Derek Mueller, who teaches composition at Park University has been using Weblogs in his class, and he gives this description of blogging in his standards document:
The purposes for writing in the weblog are varied. First, it is an expressive venue, publicly readable, which is interactive because of the possibility of comment, interchange and dialogue. Ideas expressed in the weblog should be carefully thought out. In other words, because this is asynchronous writing, there is no reason to “hurry” through the writing process. The writing should reflect you efforts to connect your own ideas to new information, new understandings, and new ways of thinking about your own ideological perspective. It’s a space for making sense of the assigned reading and related texts, together, by sharing ideas and views and by making sense of difficult concepts. Rather than becoming a pundit, you should use the blog space this semester for exercising your ability to make connections with the ideas of others–people from class and from texts on the Internet that inform you, complicate your thinking, or expand your understanding of new, interesting ideas.

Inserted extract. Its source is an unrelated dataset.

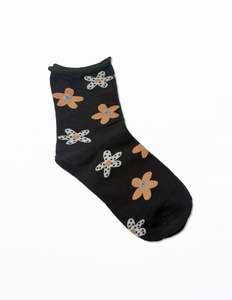 Jewellery Clothing Accessories: Socks | Black with Spotty Daisies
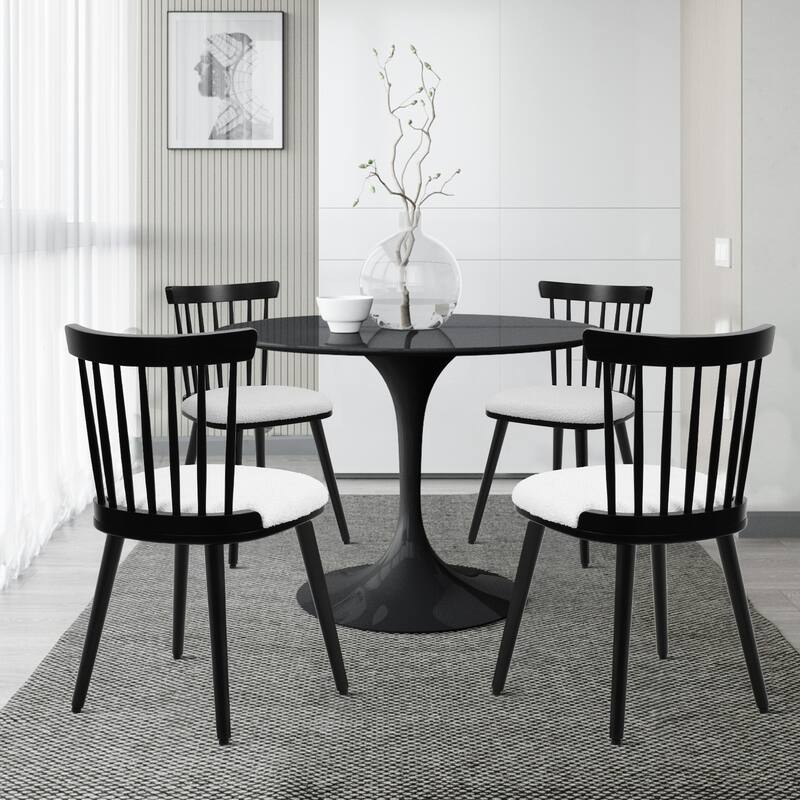 Solid Wood Spindle Back Windsor Dining Chairs Set of 2 - 33.3"H x 17.72"W x 19.7"D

I think that’s a pretty good description of the Weblog process and fits pretty nicely with the recent discussions about the connections between reading and blogging. And on his own site he adds this nugget about Weblogs in general:
Blogs turn narrow conceptions of reading and writing as private, independent, and isolationist upside down in favor of an extracurricular literacy network–a connected arena of extraspatial (beyond the walls we meet between) contact and community.